Anke Richter's article on the abuse at the Centrepoint community in the 1980s takes a more serious and sensitive look at the damage done to young girls than we have previously seen in the media. I am shocked and horrified, even though I was a resident there. I lived in the community for most of its controversial life. I find it staggering that I knew so little of what was apparently happening around me. It's almost 25 years since the demise of the community, yet the article exposes outrages on clearly vulnerable people I cared for. These revelations hurt me deeply.
Quite rightly, much information remains confidential, and its only when brave and suffering victims like those in the article choose to tell their stories that we learn of the true horror. Centrepoint was meant to be their utopia, an ideal childhood of freedom and learning. But it was turned by a segment of misguided and menacing adults. Most of the people, adults and children, lived wholesome, safe lives at Centrepoint. For much of the time, it was a great place to live. Born of the post-hippie days, it was a social experiment in freedom following the New Age and psychology fashions of the day; gestalt, transactional analysis, neuro-linguistic programming, a bit of Rajneesh and others. We were on the road to greater awareness, maybe enlightenment, and it was exciting.
The key was honesty - we should be totally open in our living together and strive for honesty in our words and emotions. On reflection, I was naive, but I believed everyone was striving for that honesty. I did not know there was a dark side, a group who were intent on betraying the community and exploiting it for their own means. It wasn't just the sex - the deceit also carried over into drugs. It's only been in recent years that I've heard that there was a secret laboratory built, but probably never used, under Bert's house. If so, it was never discovered by the police. So much for openess and honesty.

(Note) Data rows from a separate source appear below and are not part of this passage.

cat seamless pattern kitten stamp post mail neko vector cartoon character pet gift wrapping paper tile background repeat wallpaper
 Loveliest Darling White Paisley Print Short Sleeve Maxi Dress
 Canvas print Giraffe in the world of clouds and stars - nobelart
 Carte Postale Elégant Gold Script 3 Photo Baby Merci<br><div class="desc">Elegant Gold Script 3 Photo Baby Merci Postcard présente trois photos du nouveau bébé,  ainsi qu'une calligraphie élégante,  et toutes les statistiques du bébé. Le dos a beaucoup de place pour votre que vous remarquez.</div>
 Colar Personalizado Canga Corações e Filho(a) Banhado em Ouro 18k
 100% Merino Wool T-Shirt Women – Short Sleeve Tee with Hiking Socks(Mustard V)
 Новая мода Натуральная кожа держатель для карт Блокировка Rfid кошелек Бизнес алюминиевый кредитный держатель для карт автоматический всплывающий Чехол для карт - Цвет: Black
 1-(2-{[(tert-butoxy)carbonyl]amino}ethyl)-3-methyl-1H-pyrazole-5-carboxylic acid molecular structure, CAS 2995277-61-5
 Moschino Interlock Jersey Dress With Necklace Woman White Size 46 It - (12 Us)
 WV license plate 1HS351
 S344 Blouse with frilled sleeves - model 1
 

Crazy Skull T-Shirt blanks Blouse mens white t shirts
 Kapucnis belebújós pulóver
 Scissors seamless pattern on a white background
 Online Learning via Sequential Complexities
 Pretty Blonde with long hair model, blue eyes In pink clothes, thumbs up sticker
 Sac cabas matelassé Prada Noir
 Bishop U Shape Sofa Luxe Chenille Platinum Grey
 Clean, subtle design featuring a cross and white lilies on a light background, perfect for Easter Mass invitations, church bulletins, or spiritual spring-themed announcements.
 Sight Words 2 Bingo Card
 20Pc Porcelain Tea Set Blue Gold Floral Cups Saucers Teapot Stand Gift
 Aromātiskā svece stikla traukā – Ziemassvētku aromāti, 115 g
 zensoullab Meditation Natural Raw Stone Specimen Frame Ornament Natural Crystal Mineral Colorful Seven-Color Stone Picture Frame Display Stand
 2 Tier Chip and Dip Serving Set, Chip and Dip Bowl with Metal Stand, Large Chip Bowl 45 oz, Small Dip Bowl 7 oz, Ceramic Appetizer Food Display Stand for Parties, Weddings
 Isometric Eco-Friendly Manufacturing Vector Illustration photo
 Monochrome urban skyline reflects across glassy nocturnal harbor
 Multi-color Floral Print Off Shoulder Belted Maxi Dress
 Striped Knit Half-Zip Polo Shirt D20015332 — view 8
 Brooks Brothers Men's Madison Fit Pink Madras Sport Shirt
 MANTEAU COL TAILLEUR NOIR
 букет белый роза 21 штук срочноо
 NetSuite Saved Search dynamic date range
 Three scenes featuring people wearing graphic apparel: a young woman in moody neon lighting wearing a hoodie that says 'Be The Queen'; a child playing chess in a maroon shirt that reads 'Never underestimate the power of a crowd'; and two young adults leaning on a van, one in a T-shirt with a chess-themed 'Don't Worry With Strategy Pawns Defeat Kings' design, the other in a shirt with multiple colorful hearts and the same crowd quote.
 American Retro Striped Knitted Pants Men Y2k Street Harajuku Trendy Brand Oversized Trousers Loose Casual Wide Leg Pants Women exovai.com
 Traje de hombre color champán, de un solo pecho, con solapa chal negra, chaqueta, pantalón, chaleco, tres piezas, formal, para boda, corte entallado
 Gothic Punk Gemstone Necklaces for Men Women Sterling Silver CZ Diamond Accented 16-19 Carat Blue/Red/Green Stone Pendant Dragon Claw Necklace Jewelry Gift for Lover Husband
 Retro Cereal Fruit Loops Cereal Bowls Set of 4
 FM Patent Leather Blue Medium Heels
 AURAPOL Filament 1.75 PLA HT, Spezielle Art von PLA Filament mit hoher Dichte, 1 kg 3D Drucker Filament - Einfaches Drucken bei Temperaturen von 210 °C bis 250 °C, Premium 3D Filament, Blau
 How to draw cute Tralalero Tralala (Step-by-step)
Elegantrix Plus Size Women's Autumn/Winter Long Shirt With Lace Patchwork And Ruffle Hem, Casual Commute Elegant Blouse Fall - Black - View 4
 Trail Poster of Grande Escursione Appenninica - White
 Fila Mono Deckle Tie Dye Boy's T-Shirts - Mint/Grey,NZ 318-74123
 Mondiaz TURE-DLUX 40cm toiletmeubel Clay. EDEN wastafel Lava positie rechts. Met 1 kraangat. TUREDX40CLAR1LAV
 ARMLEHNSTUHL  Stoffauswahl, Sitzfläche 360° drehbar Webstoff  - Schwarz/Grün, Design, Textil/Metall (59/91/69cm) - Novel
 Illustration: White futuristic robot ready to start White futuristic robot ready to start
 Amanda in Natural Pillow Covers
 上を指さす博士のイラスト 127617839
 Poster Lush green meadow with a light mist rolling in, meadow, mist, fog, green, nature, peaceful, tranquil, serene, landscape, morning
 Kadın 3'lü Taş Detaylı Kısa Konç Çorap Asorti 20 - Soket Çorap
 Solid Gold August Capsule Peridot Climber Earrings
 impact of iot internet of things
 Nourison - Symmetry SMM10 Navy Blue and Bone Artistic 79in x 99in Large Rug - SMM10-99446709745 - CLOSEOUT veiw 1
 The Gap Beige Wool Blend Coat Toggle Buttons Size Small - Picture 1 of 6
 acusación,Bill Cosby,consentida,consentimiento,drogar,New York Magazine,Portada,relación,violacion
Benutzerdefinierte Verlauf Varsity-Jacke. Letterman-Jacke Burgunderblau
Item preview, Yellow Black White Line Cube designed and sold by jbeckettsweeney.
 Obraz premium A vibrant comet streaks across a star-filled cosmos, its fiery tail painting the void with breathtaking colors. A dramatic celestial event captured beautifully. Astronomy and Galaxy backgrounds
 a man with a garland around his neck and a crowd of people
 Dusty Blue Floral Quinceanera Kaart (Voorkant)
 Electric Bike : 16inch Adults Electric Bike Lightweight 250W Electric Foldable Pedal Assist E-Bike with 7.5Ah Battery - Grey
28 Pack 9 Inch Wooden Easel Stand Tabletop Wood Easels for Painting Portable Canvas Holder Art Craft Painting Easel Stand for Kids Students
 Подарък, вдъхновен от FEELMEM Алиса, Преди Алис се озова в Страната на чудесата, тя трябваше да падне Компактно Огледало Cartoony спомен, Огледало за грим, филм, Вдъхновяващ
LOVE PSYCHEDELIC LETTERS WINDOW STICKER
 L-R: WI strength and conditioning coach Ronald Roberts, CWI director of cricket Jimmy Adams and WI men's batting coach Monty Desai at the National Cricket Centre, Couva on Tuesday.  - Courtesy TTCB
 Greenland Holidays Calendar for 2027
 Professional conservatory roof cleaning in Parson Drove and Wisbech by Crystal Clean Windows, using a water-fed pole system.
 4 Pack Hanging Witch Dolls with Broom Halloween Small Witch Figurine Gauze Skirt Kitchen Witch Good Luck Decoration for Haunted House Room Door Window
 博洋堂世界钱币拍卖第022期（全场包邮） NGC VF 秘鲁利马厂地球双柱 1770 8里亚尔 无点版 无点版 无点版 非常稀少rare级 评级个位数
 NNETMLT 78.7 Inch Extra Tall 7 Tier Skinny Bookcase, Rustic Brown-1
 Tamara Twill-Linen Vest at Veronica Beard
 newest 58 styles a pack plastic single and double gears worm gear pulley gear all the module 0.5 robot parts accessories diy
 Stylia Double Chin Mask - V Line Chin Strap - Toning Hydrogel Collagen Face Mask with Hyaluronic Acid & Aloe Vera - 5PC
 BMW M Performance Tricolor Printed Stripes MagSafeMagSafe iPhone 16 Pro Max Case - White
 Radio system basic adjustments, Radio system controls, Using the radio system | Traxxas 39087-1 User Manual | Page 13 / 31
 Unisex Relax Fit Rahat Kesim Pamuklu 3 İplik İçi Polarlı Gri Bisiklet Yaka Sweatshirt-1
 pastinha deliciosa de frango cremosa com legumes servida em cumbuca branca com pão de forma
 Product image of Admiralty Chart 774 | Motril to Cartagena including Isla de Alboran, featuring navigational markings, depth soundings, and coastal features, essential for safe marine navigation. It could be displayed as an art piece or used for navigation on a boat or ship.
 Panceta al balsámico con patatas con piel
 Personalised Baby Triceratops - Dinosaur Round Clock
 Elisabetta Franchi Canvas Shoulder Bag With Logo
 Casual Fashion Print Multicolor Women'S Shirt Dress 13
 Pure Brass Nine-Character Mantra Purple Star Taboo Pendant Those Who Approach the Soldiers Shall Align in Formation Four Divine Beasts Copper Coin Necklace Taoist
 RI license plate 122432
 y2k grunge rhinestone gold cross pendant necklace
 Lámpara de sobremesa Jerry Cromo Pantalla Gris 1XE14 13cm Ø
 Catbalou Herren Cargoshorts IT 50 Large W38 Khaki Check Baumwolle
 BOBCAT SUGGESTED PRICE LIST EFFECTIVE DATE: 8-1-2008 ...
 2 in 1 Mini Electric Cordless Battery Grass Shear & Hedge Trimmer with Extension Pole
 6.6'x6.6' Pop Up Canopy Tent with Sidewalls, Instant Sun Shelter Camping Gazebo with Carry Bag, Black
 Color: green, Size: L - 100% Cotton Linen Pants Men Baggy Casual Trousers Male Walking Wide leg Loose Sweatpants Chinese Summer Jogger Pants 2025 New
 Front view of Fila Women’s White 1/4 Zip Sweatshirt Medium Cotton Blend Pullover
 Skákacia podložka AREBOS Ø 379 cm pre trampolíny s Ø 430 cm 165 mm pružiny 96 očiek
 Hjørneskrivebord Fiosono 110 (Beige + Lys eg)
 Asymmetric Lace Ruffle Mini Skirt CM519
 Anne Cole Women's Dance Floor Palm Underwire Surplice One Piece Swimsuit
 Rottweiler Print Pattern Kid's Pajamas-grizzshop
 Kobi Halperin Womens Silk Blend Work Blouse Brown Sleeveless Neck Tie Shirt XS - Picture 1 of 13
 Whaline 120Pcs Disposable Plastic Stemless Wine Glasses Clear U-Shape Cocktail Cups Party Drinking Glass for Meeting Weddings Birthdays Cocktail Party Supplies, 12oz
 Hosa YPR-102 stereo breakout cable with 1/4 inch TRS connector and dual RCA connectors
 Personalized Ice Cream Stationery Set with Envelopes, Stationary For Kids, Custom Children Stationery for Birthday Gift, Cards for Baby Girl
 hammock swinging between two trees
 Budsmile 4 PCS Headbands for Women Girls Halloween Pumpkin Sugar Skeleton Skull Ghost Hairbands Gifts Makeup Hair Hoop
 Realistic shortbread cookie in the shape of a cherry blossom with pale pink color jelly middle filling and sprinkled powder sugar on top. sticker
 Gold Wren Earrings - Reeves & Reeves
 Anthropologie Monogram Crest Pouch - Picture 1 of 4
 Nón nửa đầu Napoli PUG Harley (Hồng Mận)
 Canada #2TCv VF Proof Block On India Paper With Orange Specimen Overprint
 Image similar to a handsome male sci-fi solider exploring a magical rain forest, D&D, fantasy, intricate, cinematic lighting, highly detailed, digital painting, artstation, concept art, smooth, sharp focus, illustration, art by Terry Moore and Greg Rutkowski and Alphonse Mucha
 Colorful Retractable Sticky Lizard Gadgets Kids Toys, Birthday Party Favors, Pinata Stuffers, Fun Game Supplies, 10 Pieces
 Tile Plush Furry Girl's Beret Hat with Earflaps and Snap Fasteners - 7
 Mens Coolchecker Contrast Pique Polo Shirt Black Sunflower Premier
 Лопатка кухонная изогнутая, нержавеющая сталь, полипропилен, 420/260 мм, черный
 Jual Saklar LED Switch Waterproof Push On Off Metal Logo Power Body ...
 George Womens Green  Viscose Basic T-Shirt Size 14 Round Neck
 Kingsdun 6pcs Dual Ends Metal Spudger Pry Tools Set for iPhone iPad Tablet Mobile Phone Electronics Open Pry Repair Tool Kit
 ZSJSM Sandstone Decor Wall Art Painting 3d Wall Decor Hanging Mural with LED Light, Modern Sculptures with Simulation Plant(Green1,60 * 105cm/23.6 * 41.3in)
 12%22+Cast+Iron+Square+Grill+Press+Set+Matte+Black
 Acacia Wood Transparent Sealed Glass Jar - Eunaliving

Resurrecting the whole sordid affair, as Richter's article does, will be hurtful for many people. Adults now who were children growing up in the community and never confronted with abuse may again have the finger unjustly pointed at them, parents may struggle with pain and guilt and victims may be retraumatised. But that has to be weighed against any benefit the victims quoted in the article can claim. Here they are, more than two decades down the track, still struggling and deserving to be heard if that is their choice. They are still special to me and I treasure good times with them. They are good people.